Information provided:
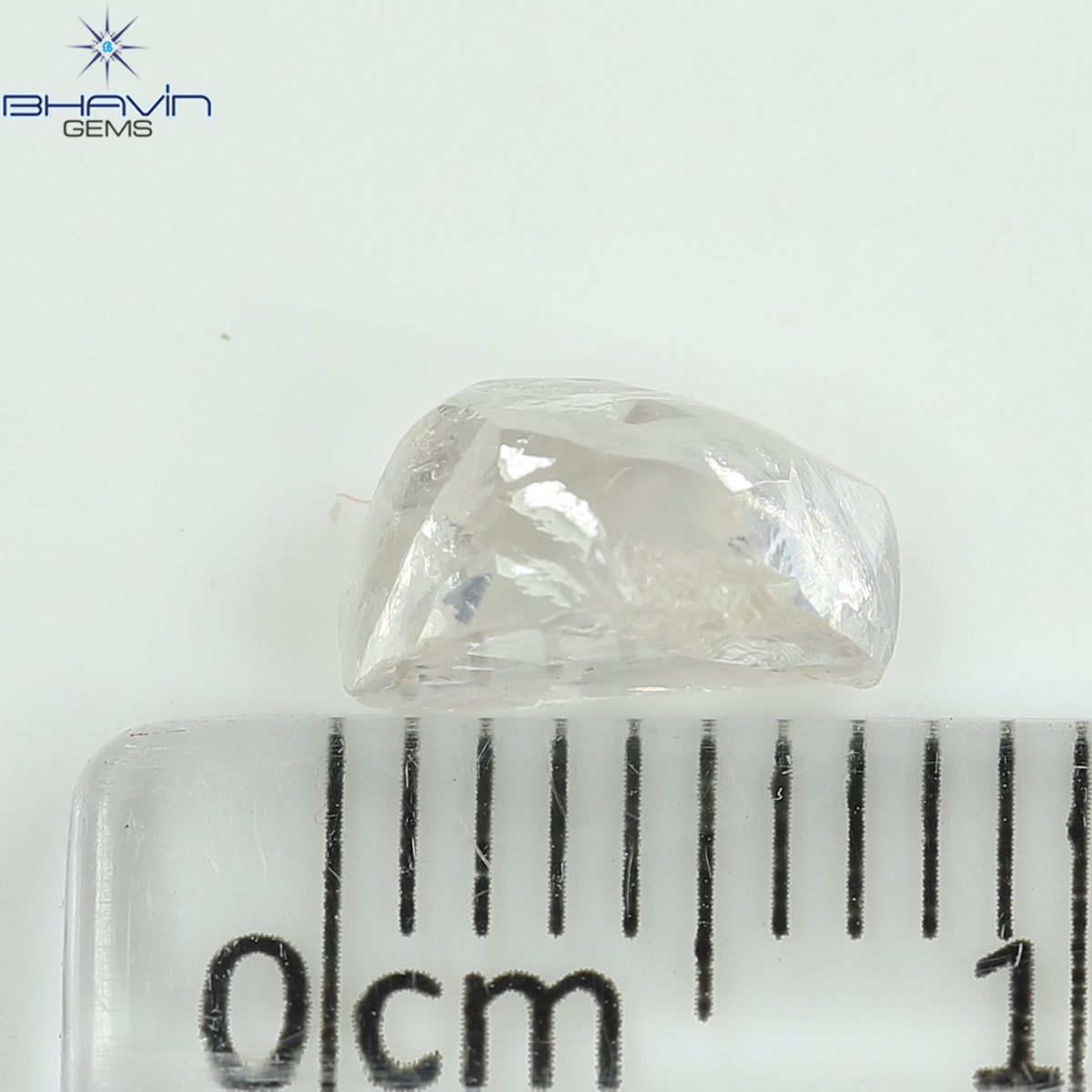 0.34 CT ハートシェイプ ナチュラル ダイヤモンド オレンジ色 VS1 クラリティ (4.59 MM)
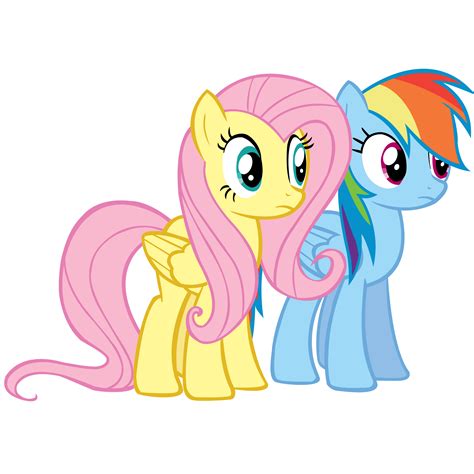 rainbow dash and|rainbow dash and fluttershy.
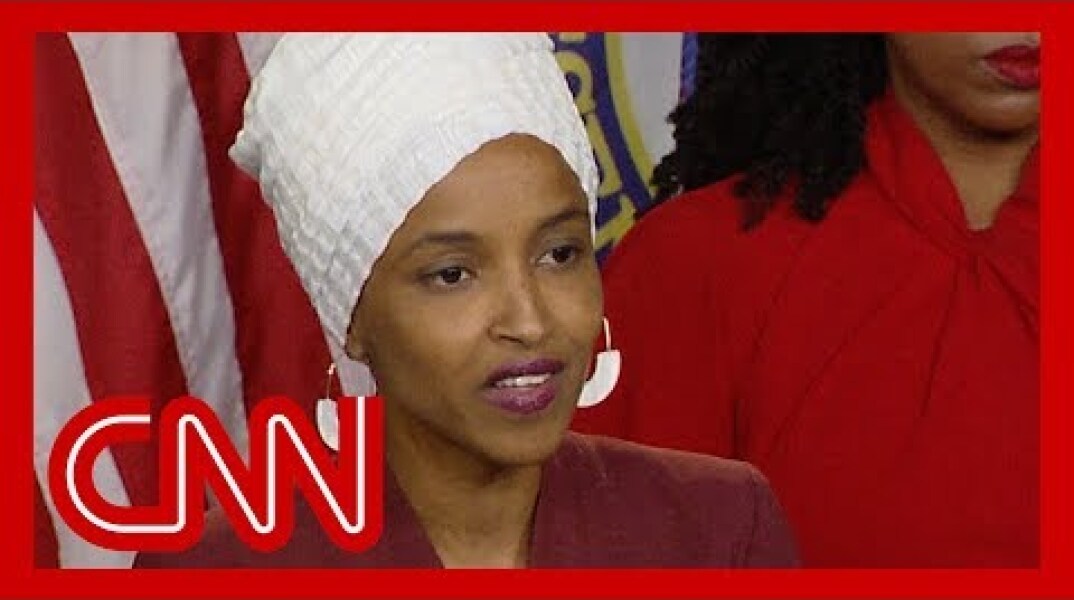 Rep. Ilhan Omar: The eyes of history are watching us
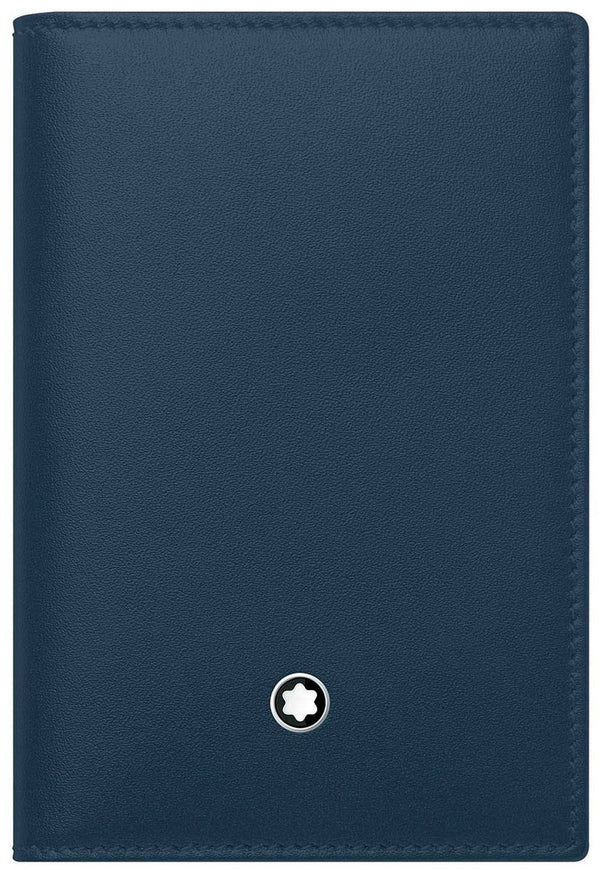 Montblanc Meisterstuck 118306 Business Card Holder With Gusset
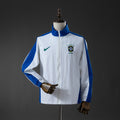 Survêtement Brésil Rétro Blanc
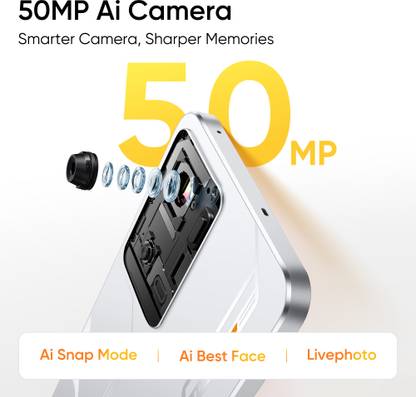 realme P3 5G (Space Silver, 256 GB)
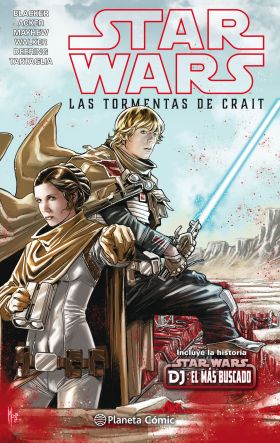 STAR WARS LAS TORMENTAS DE CRAIT (ESPECIAL)
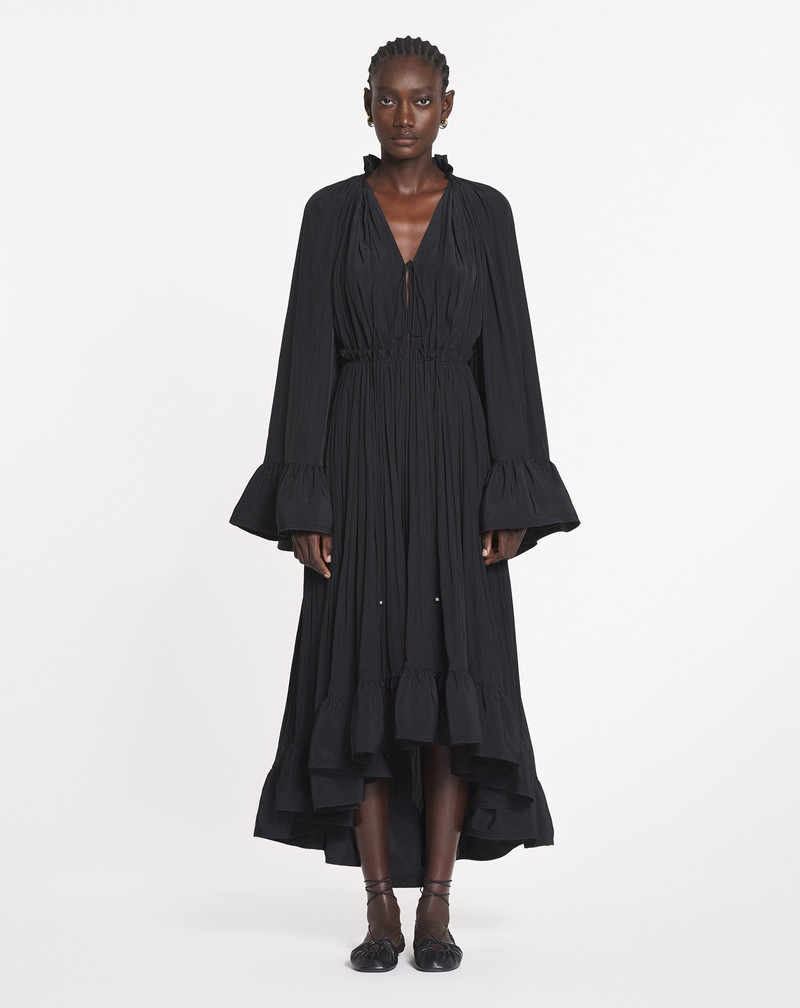 Lanvin CHARMEUSE MIDI DRESS outlook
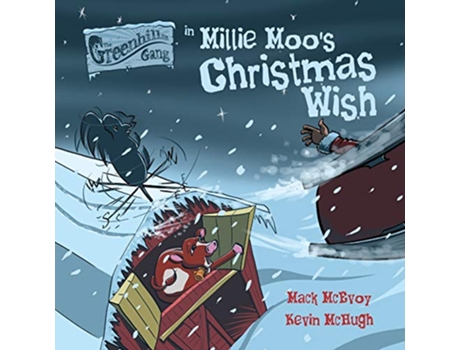 Livro Millie Moos Christmas Wish 2 The Greenhills Gang de Mack McEvoy (Inglês)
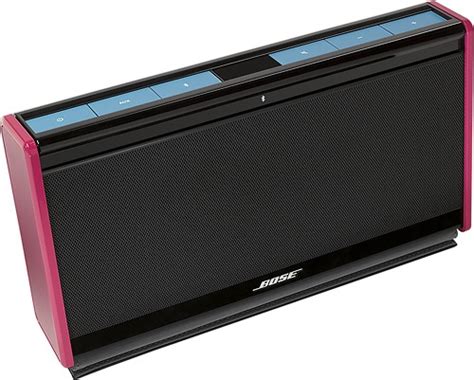 Best Buy Bose SoundLink Bluetooth Mobile Speaker II Black Pink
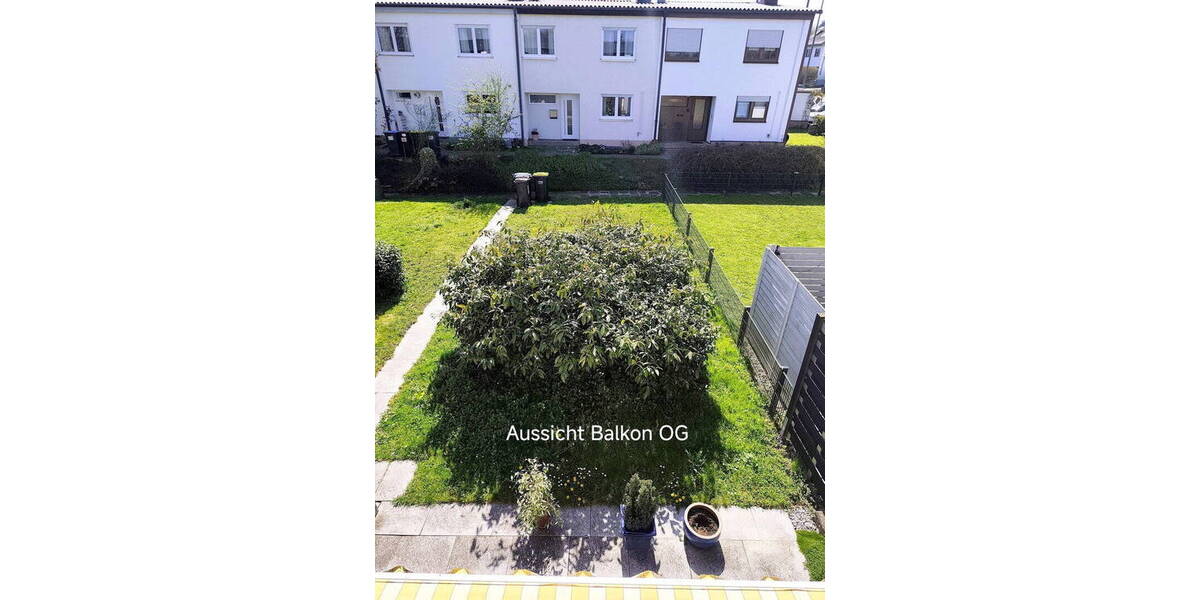 Reihenmittelhaus Reutlingen Ohmenhausen - 5 Zimmer, 130 m&sup2;, 389.000&euro; | Angebot:26200105
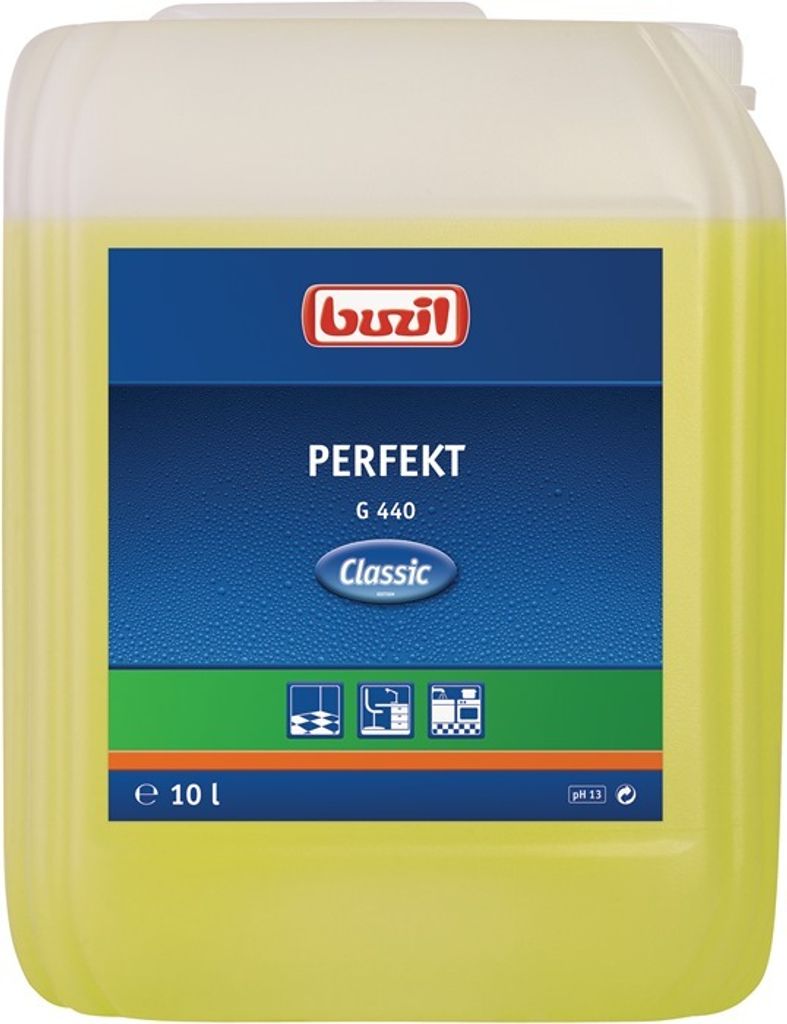 BUZIL Kraftreiniger Perfekt G 440 10 l Konzentrat Produktbild 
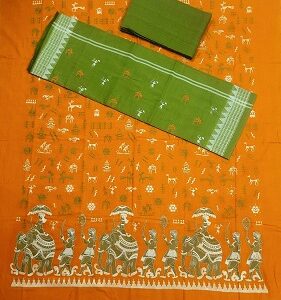 handloom dress material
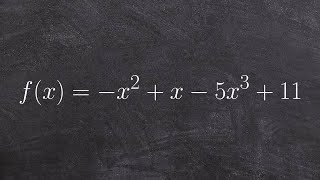 Learning the basics of classifying polynomials based on degree and number of terms [upl. by Ingelbert]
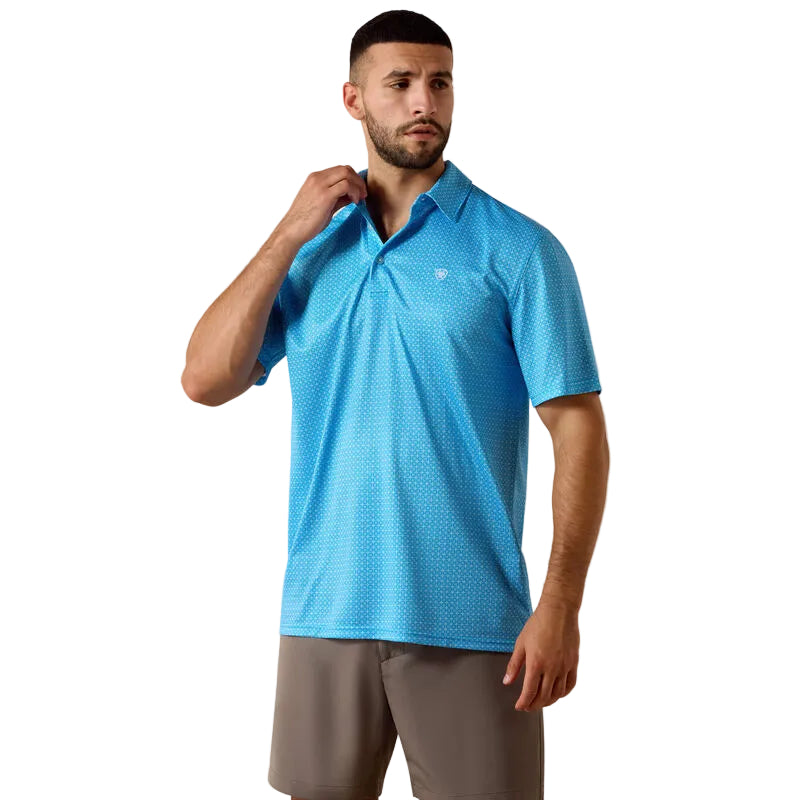 Ariat All Over Print Men's Polo Shirt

Problem to work on: Return every line shown above without changing a word, and skip the pictures.

Solution:
 0.34 CT ハートシェイプ ナチュラル ダイヤモンド オレンジ色 VS1 クラリティ (4.59 MM)
 rainbow dash and|rainbow dash and fluttershy.
 Rep. Ilhan Omar: The eyes of history are watching us
 Montblanc Meisterstuck 118306 Business Card Holder With Gusset
 Survêtement Brésil Rétro Blanc
 realme P3 5G (Space Silver, 256 GB)
 STAR WARS LAS TORMENTAS DE CRAIT (ESPECIAL)
 Lanvin CHARMEUSE MIDI DRESS outlook
 Livro Millie Moos Christmas Wish 2 The Greenhills Gang de Mack McEvoy (Inglês)
 Best Buy Bose SoundLink Bluetooth Mobile Speaker II Black Pink
 Reihenmittelhaus Reutlingen Ohmenhausen - 5 Zimmer, 130 m&sup2;, 389.000&euro; | Angebot:26200105
 BUZIL Kraftreiniger Perfekt G 440 10 l Konzentrat Produktbild 
 handloom dress material
 Learning the basics of classifying polynomials based on degree and number of terms [upl. by Ingelbert]
 Ariat All Over Print Men's Polo Shirt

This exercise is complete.